◆ **WHAT THE TASK ASKS**
Please repeat, exactly as written, the line containing "Longevity comparison between" and every line after it through the end of the records below.

◆ **ENTRIES SUPPLIED**
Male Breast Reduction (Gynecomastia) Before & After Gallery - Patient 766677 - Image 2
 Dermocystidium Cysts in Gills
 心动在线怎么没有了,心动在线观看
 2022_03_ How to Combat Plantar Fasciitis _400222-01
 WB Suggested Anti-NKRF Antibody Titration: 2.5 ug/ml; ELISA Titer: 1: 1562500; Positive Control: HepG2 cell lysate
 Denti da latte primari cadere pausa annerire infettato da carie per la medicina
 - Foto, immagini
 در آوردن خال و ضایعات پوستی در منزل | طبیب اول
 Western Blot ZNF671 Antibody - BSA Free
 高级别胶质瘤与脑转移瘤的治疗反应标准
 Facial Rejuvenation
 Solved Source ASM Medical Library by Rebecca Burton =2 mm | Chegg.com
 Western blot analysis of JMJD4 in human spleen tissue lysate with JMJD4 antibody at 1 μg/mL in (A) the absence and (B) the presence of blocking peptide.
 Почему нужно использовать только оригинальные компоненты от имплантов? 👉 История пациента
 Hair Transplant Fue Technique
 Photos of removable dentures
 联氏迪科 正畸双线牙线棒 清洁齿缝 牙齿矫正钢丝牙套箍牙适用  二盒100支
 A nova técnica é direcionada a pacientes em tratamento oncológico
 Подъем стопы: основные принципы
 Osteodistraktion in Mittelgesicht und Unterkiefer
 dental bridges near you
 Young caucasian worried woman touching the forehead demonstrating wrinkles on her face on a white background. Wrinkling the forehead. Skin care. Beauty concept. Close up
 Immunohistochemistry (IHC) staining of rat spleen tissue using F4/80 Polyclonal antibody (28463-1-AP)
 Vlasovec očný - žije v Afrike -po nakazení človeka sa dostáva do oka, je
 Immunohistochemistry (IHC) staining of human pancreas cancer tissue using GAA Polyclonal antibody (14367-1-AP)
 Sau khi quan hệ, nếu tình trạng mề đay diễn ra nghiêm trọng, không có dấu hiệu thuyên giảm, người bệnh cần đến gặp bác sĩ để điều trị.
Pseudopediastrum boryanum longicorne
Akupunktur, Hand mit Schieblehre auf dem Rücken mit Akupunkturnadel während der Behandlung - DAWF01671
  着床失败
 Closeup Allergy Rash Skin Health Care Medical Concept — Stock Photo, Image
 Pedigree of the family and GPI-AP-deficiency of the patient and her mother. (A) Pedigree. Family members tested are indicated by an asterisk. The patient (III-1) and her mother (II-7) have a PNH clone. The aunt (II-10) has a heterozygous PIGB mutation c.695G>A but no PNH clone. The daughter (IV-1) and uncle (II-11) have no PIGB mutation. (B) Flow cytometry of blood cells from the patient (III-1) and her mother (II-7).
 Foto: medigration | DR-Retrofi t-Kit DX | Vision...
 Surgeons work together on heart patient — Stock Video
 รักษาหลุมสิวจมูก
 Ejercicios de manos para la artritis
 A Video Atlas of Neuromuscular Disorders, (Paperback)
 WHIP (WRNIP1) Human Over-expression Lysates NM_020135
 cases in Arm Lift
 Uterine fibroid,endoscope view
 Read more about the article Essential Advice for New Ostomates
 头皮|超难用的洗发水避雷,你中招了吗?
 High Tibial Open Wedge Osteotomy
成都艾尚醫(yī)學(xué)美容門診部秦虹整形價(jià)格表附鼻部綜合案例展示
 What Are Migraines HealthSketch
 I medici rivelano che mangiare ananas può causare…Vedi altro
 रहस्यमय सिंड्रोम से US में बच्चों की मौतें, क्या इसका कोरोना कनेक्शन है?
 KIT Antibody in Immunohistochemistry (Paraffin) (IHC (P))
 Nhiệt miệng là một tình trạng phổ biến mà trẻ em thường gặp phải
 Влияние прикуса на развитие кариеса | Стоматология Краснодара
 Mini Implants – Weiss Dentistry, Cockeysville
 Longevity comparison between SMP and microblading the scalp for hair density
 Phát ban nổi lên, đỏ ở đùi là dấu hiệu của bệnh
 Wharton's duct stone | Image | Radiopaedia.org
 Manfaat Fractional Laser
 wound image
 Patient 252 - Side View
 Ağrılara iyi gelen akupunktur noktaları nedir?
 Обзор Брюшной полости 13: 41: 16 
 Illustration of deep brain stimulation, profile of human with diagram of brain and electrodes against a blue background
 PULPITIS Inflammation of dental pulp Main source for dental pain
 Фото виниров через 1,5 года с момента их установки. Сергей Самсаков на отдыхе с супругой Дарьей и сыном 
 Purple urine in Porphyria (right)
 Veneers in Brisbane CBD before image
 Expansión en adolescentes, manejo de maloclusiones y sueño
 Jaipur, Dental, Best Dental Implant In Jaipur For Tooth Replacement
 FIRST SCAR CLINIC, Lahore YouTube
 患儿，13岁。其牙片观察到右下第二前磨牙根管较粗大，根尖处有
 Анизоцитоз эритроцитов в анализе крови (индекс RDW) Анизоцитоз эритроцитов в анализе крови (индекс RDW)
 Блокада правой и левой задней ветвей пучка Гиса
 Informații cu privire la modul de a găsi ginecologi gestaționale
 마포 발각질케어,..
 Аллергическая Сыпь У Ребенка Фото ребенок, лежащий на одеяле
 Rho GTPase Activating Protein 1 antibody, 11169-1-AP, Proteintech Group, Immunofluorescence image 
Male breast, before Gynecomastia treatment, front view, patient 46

◆ **SOLUTION FOR THIS PROBLEM**
 Longevity comparison between SMP and microblading the scalp for hair density
 Phát ban nổi lên, đỏ ở đùi là dấu hiệu của bệnh
 Wharton's duct stone | Image | Radiopaedia.org
 Manfaat Fractional Laser
 wound image
 Patient 252 - Side View
 Ağrılara iyi gelen akupunktur noktaları nedir?
 Обзор Брюшной полости 13: 41: 16 
 Illustration of deep brain stimulation, profile of human with diagram of brain and electrodes against a blue background
 PULPITIS Inflammation of dental pulp Main source for dental pain
 Фото виниров через 1,5 года с момента их установки. Сергей Самсаков на отдыхе с супругой Дарьей и сыном 
 Purple urine in Porphyria (right)
 Veneers in Brisbane CBD before image
 Expansión en adolescentes, manejo de maloclusiones y sueño
 Jaipur, Dental, Best Dental Implant In Jaipur For Tooth Replacement
 FIRST SCAR CLINIC, Lahore YouTube
 患儿，13岁。其牙片观察到右下第二前磨牙根管较粗大，根尖处有
 Анизоцитоз эритроцитов в анализе крови (индекс RDW) Анизоцитоз эритроцитов в анализе крови (индекс RDW)
 Блокада правой и левой задней ветвей пучка Гиса
 Informații cu privire la modul de a găsi ginecologi gestaționale
 마포 발각질케어,..
 Аллергическая Сыпь У Ребенка Фото ребенок, лежащий на одеяле
 Rho GTPase Activating Protein 1 antibody, 11169-1-AP, Proteintech Group, Immunofluorescence image 
Male breast, before Gynecomastia treatment, front view, patient 46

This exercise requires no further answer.